Here's some typical dmesg output:

[11315.581136] rtl8169_interrupt: status=1 status2=85
[11324.142176] r8169 0000:07:00.0 eth0: ASPM disabled on Tx timeout
[11324.151765] rtl8169_interrupt: status=4 status2=84

We can see that when a new interrupt is flagged in the interval between reading
the status register and writing to it, we may never achieve the condition
(status & mask) == 0.

So, if we read 0x01 (RxOK) from the status register, we will then write
0x01 back to acknowledge the interrupt. But in the meantime, 0x04 (TxOK) has
been flagged, as well as 0x80 (TxDescUnavail), so the register now contains
0x85. We acknowledge by writing back 0x01, so the status register should now
contain 0x84. If interrupts are unmasked throughout, then (status & mask) != 0
throughout, so no interrupt will be raised for the missed TxOK event, unless
something else should occur to set one of the other status bits.

To test this hypothesis, I tried the code below, which never disables
interrupts but instead clears out the status register on every interrupt:

index 2ce4bff..dbda9ef 100644
--- linux-source-6.1~/drivers/net/ethernet/realtek/r8169_main.c
+++ linux-source-6.1/drivers/net/ethernet/realtek/r8169_main.c
@@ -4610,7 +4610,7 @@ static irqreturn_t rtl8169_interrupt(int irq, void *dev_instance)
 	rtl_irq_disable(tp);
 	napi_schedule(&tp->napi);
 out:
-	rtl_ack_events(tp, status);
+	rtl_ack_events(tp, tp->irq_mask);
 
 	return IRQ_HANDLED;
 }

This passed my iperf3 test perfectly! It is likely to cause other problems
though: Specifically it opens the possibility that we will miss a SYSErr,
LinkChg or RxFIFOOver interrupt. Hence the rationale for achieving the required
(status & mask) == 0 condition by clearing the mask register instead.
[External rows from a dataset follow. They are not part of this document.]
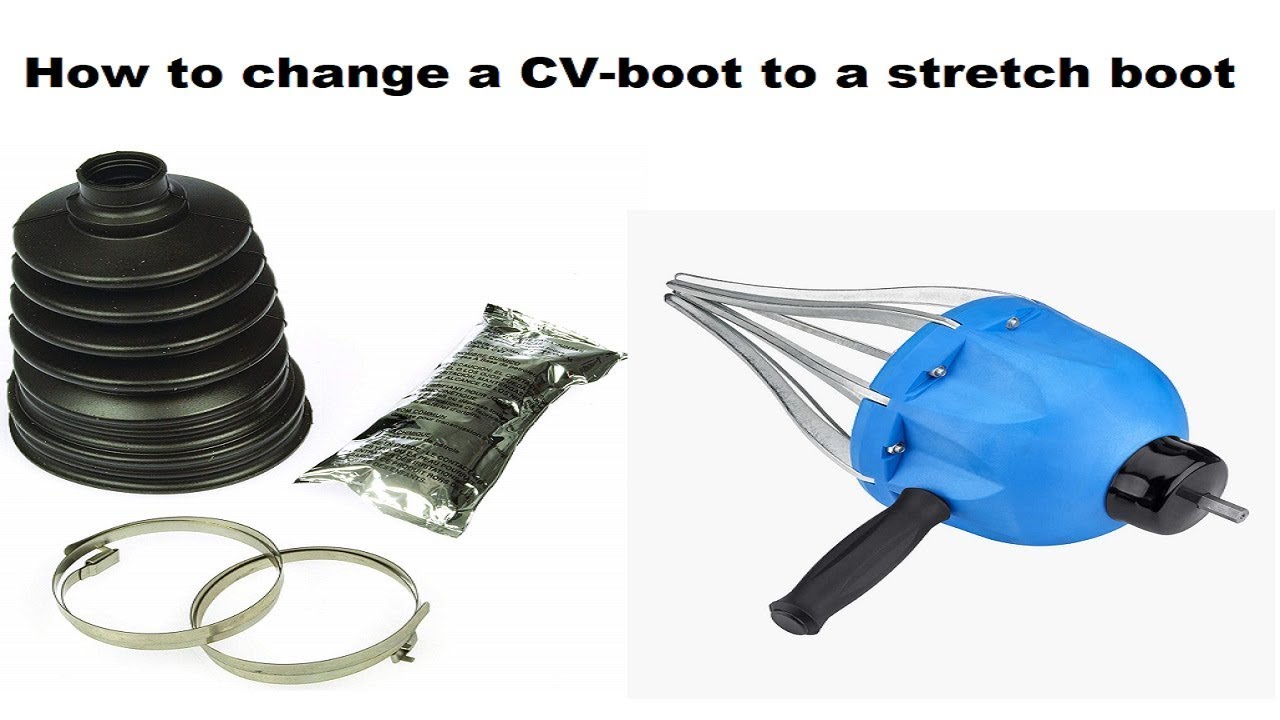 How to change a CV boot. Stretch boot in this case. Toyota corolla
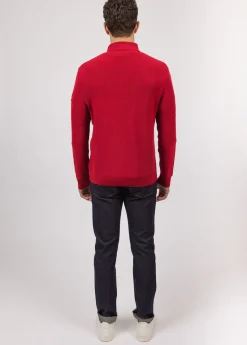 SAINT JAMES Pulls & Gilets*Pull col montant zippé Loup de mer Persan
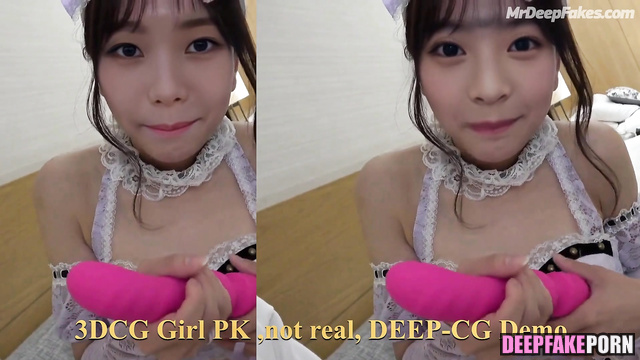 Sexy Hanni and Karina enjoying vibrator - real fake (ニュージーンズ 大人用テープ)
I hope this information may prove useful in the future.
Ken Milmore May 16, 2024, 9:31 p.m. UTC | #3
On 16/05/2024 22:10, Ken Milmore wrote:
> To test this hypothesis, I tried the code below, which never disables
> interrupts but instead clears out the status register on every interrupt:
> 
> index 2ce4bff..dbda9ef 100644
> --- linux-source-6.1~/drivers/net/ethernet/realtek/r8169_main.c
> +++ linux-source-6.1/drivers/net/ethernet/realtek/r8169_main.c
> @@ -4610,7 +4610,7 @@ static irqreturn_t rtl8169_interrupt(int irq, void *dev_instance)
>  	rtl_irq_disable(tp);
>  	napi_schedule(&tp->napi);
>  out:
> -	rtl_ack_events(tp, status);
> +	rtl_ack_events(tp, tp->irq_mask);
>  
>  	return IRQ_HANDLED;
>  }
> 
> This passed my iperf3 test perfectly! It is likely to cause other problems
> though: Specifically it opens the possibility that we will miss a SYSErr,
> LinkChg or RxFIFOOver interrupt. Hence the rationale for achieving the required
> (status & mask) == 0 condition by clearing the mask register instead.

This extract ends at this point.